# DATA SUPPLIED
——————————
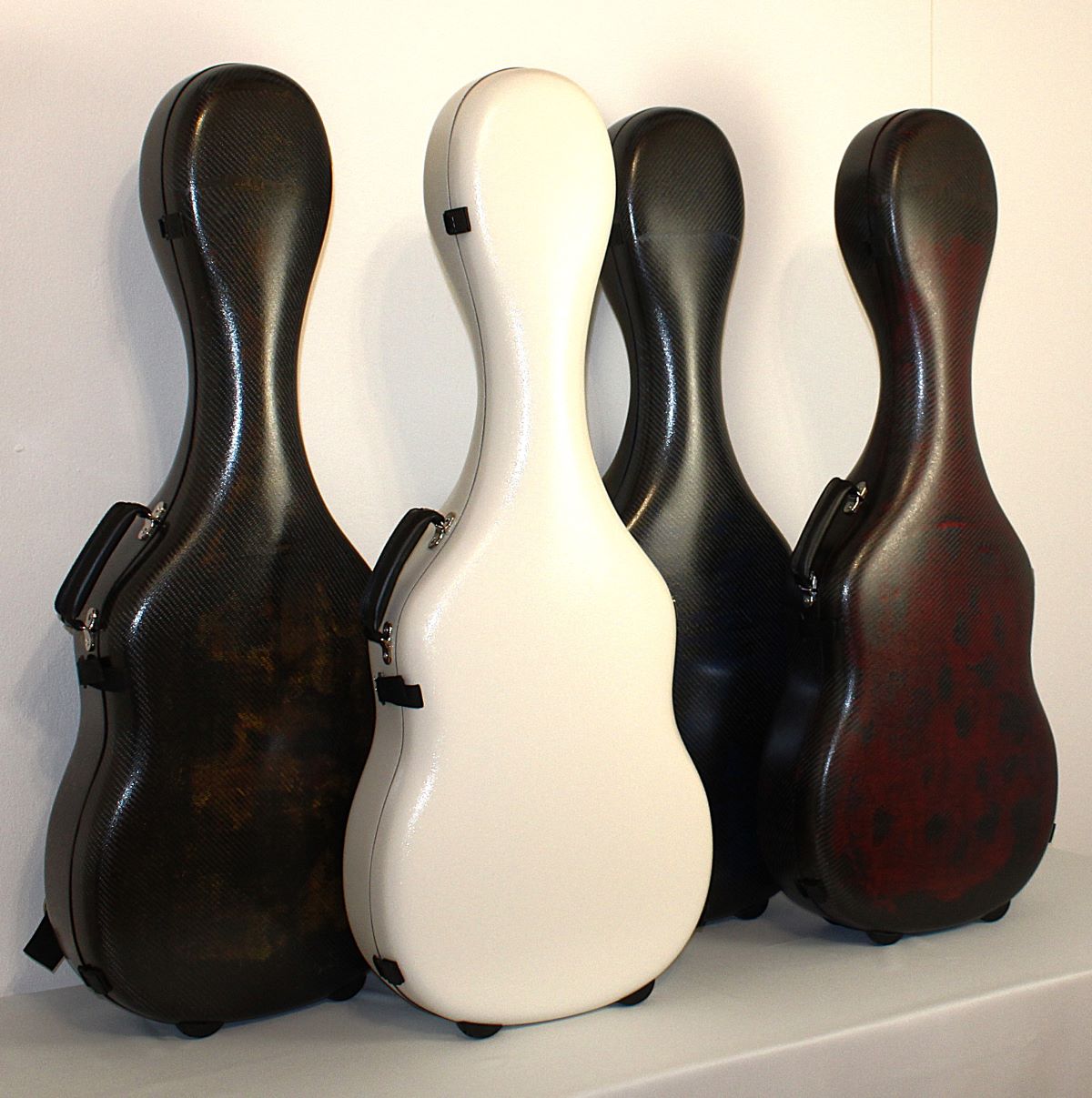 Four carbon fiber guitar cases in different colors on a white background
——————————
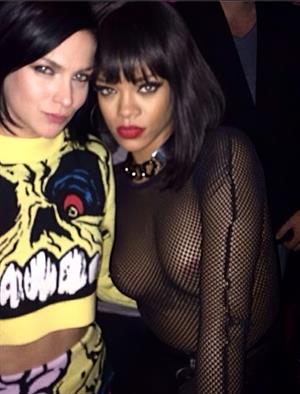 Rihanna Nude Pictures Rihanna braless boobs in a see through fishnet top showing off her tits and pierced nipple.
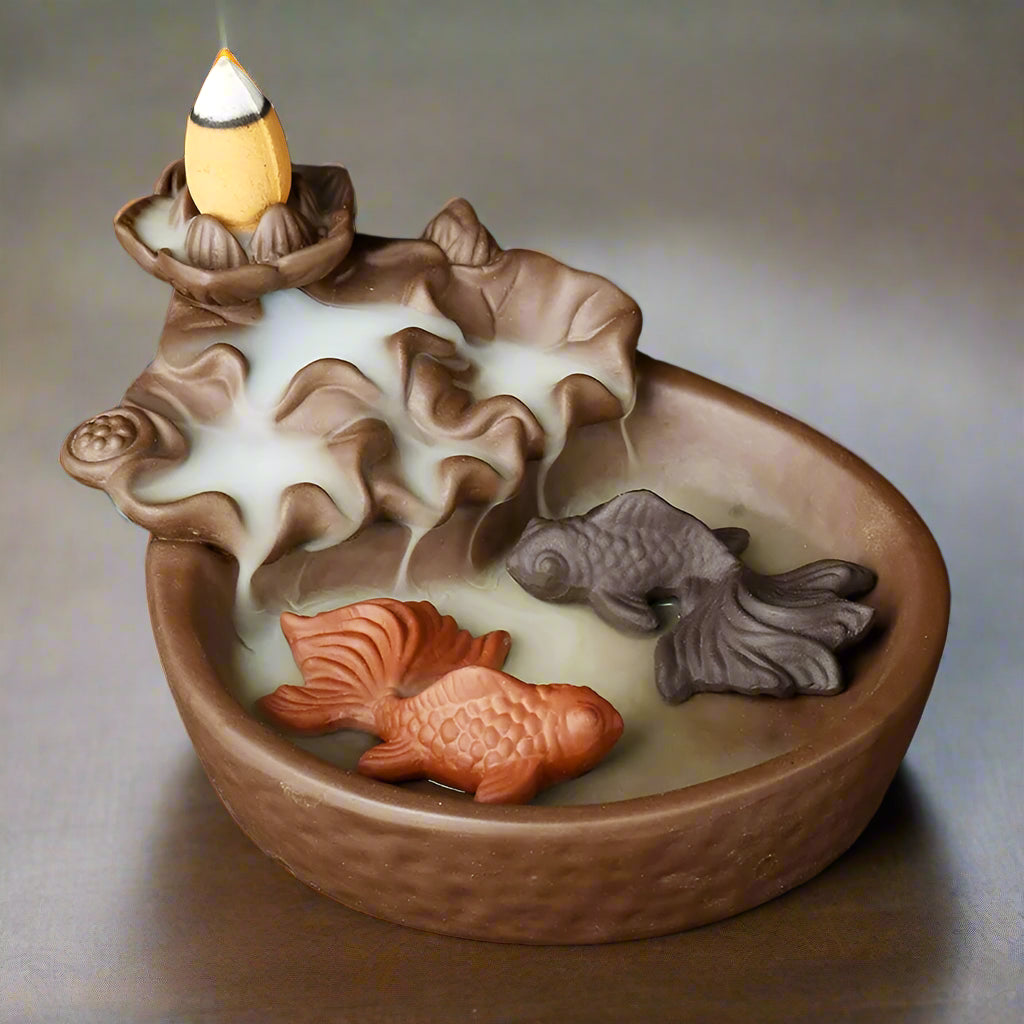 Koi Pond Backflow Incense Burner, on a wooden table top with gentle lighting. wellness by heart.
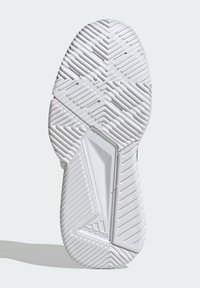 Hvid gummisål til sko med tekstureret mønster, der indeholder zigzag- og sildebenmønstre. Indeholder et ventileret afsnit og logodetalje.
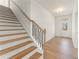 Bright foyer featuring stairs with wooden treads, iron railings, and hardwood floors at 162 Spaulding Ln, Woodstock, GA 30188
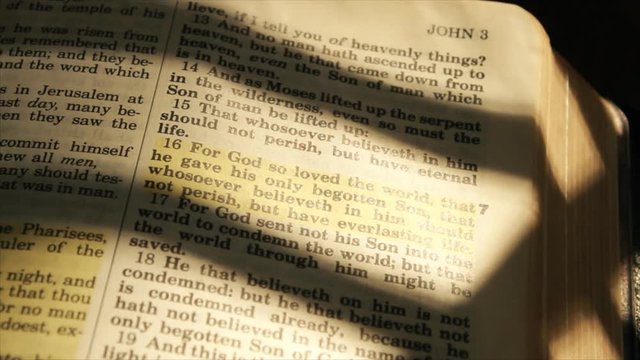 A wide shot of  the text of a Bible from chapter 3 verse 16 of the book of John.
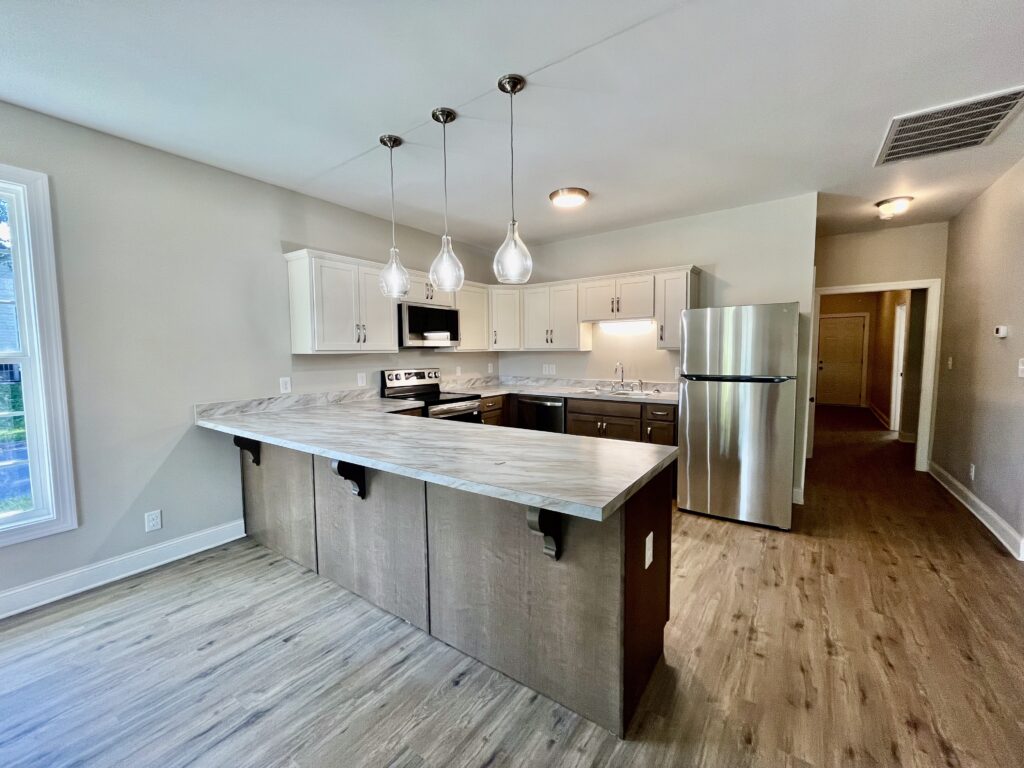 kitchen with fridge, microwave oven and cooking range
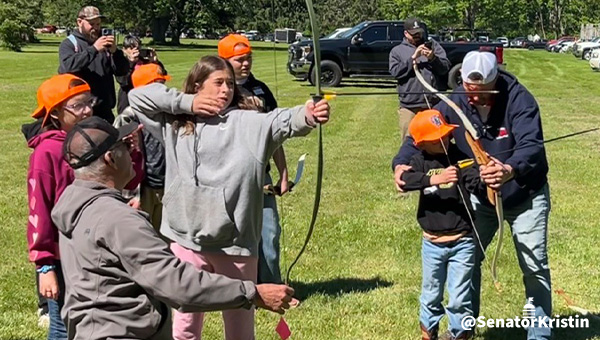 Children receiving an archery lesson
——————————
In the listing above, find the line containing "Hvid gummisål til" and the line containing "Bright foyer featuring"; print those lines and every line between them exactly, leaving out pictures.

# RESPONSE TO THE TASK
 Hvid gummisål til sko med tekstureret mønster, der indeholder zigzag- og sildebenmønstre. Indeholder et ventileret afsnit og logodetalje.
 Bright foyer featuring stairs with wooden treads, iron railings, and hardwood floors at 162 Spaulding Ln, Woodstock, GA 30188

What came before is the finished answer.